■ Exercise prompt
Look below for the line that contains "Lot 564 - An", then quote it and all the lines after it, exactly, with the pictures left out.

■ Input data
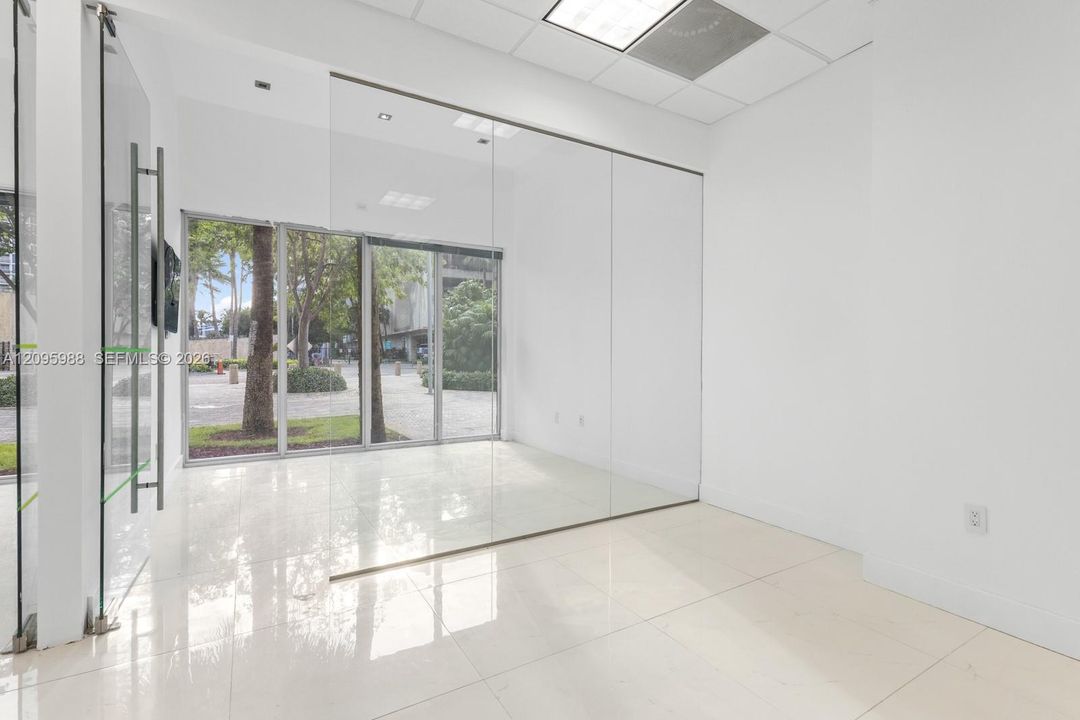 Glass-walled front room with storefront windows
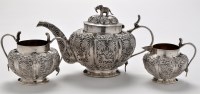 Lot 564 - An Indian white metal three piece tea service,...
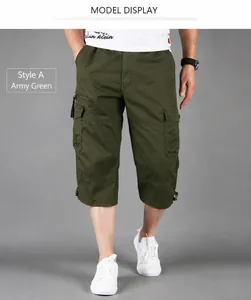Detail shot of men's loose fit army green cargo shorts made of pure cotton fabric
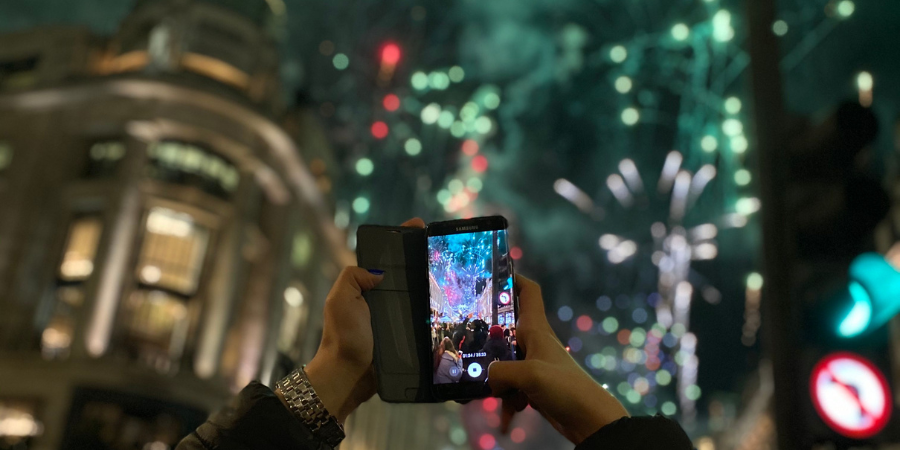 Someone taking a photo of London Fireworks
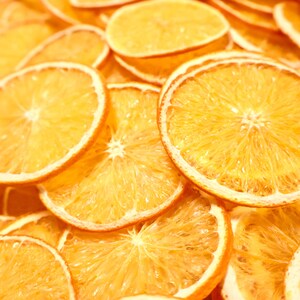 Dozens of dried orange slices beautifully arranged on a light surface. These dried citrus slices are ideal for rustic home decor, gift wrapping, and sustainable crafts using natural fruits.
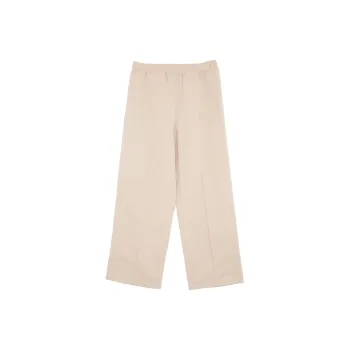 PUMA APRES COURT WOVEN PANTS Casual Pants Unisex Pine Sand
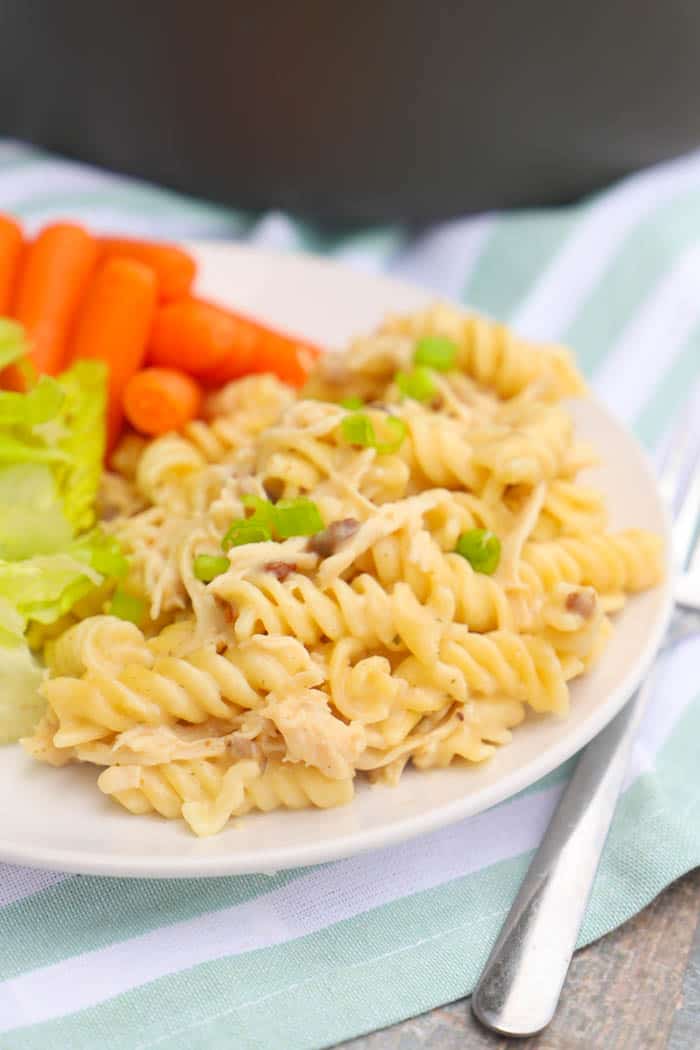 Chicken Bacon Ranch Pasta on a white plate with salad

■ Exercise answer
 Lot 564 - An Indian white metal three piece tea service,...
Detail shot of men's loose fit army green cargo shorts made of pure cotton fabric
 Someone taking a photo of London Fireworks
 Dozens of dried orange slices beautifully arranged on a light surface. These dried citrus slices are ideal for rustic home decor, gift wrapping, and sustainable crafts using natural fruits.
 PUMA APRES COURT WOVEN PANTS Casual Pants Unisex Pine Sand
 Chicken Bacon Ranch Pasta on a white plate with salad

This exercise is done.